Únies Gonzalez

Únies Gonzalez is an ar*st working within the mediums of photo, film, and written word. They are tremendously uncomfortable with the concept of speaking of oneself so instead, they will say this:

“I do not make anything purely because I want to, but because I have the insatiable need to do so.”


I’m alone in the apartment and I can’t get the pilot to light. My thumb throbs as I push the igniter, at first with a lazy pace but more quickly as the frustration sets in.

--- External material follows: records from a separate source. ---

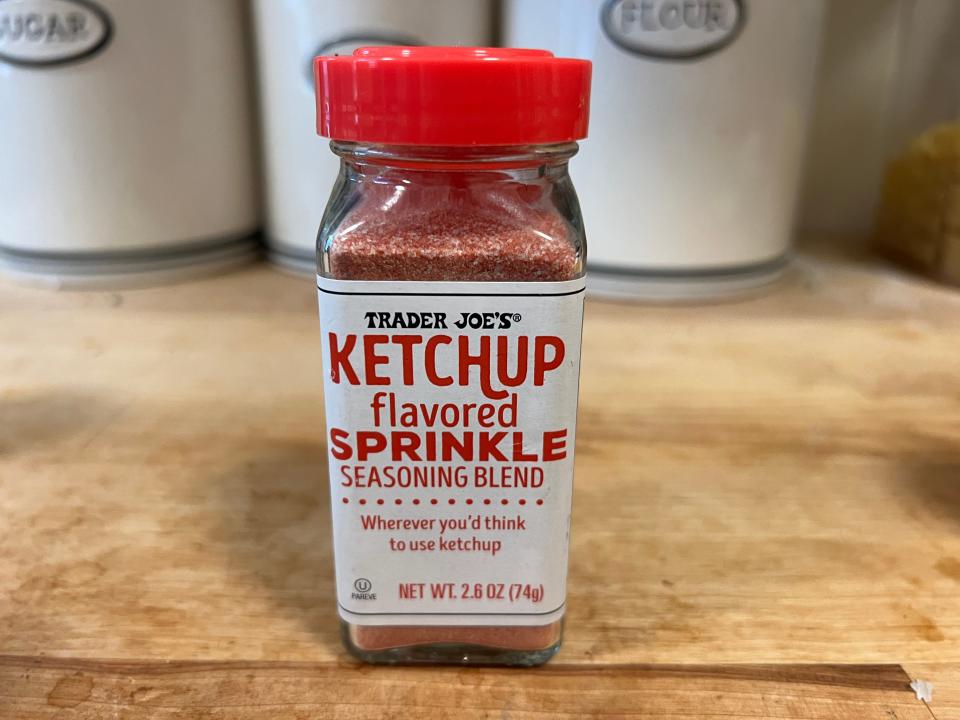 Trader Joe's ketchup-flavored seasoning blend.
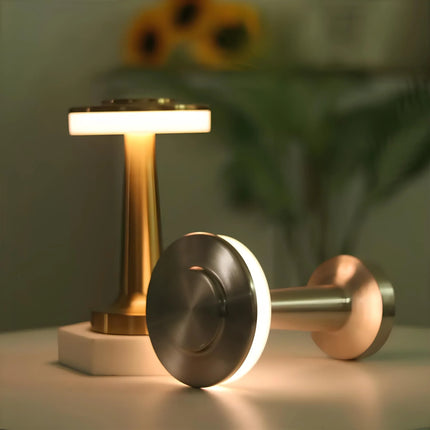 Dimmable Retro Bar Table Lamp with Adjustable Lighting | Portable Iron Design for Elegant Ambiance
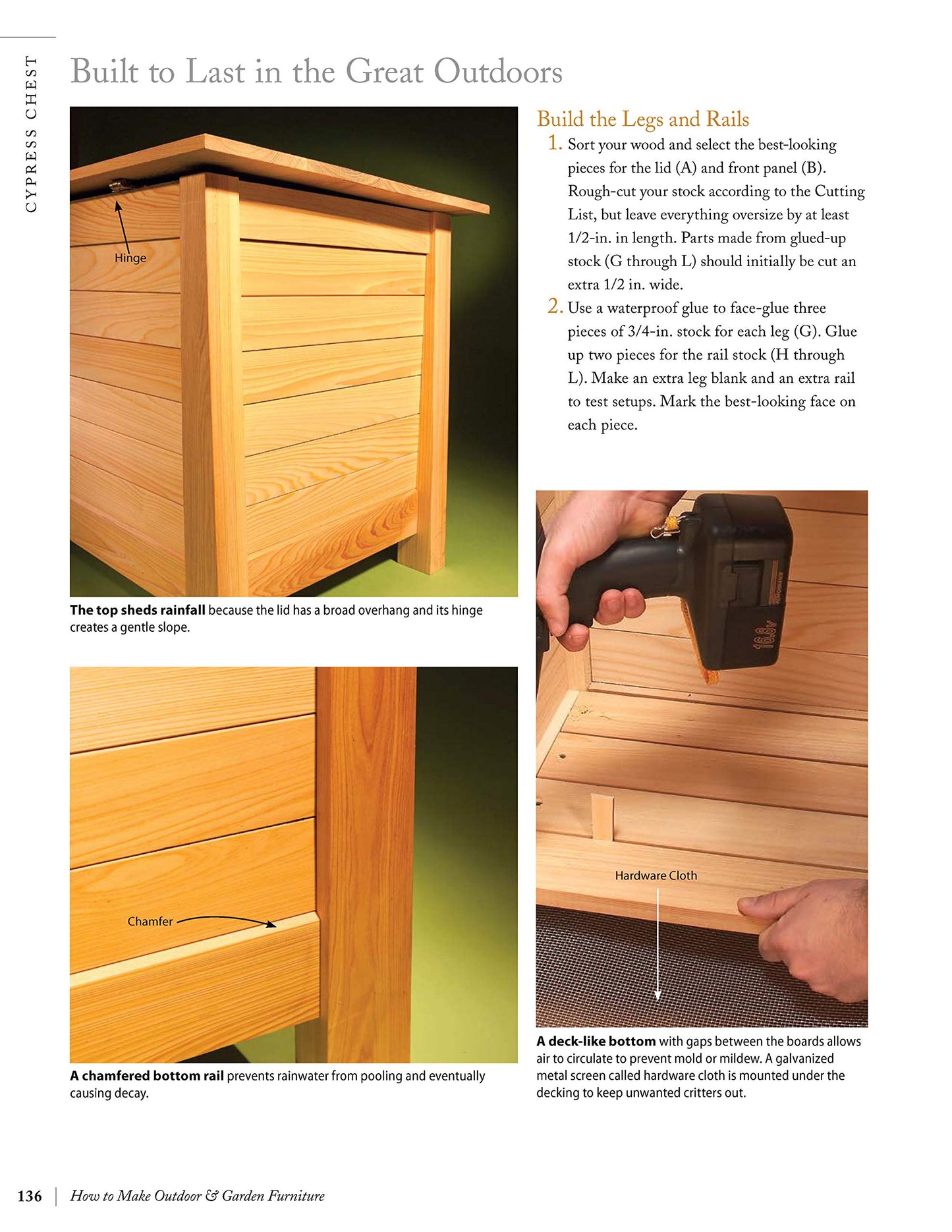 How to Make Outdoor & Garden Furniture: Instructions for Tables, Chairs, Planters, Trellises & More from the Experts at American Woodworker (Fox Chapel Publishing) 22 Decorative Step-by-Step Projects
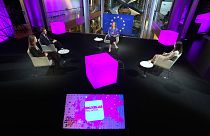 Méabh Mc Mahon with MEPs Tomas Tobe, Kira Peter-Hansen and Raquel Garcia Hermida van der Walle
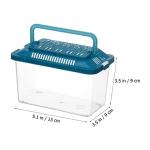 Portable Mini Aquarium for Reptiles and Small Pets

I can’t do it, I can’t light it. I lean back propping my feet up on the kitchen wall next to the water heater closet. I am tired and I am too old to not know how to solve this problem; too young to know that it’s okay I can’t do it on my own.

I press my feet into the wall, watch as they bend and redden. I have a toe ring, one that a boy gawked at and guffawed, “This is how I know you are only 18.” Too young to love, but old enough to sleep with.

The water is cold and it will remain cold. I curl up with my back pressed against the cabinets. I don’t remember the last time we mopped, or maybe I do.

I don’t know if this is good writing, I don’t want to do this alone, and I don’t know what this has to do with my photos.

My dog is curled up next to me, I extend my hand and drag my finger across the grimy area beneath the water heater. This kitchen is small, but it felt so big when we laid on the floor in the empty apartment, tingling with the excitement that something was ours. Before the thoughts turn into faces, I feel my elbows move to prop myself up.

I need to grab my camera..”

I hesitate

This moment will not be mine anymore if I get up. This moment will cease to exist, it will become a new one, a staged one, a false one. I sink back down onto the floor.

Photographs are a defense to the fear of forgetting.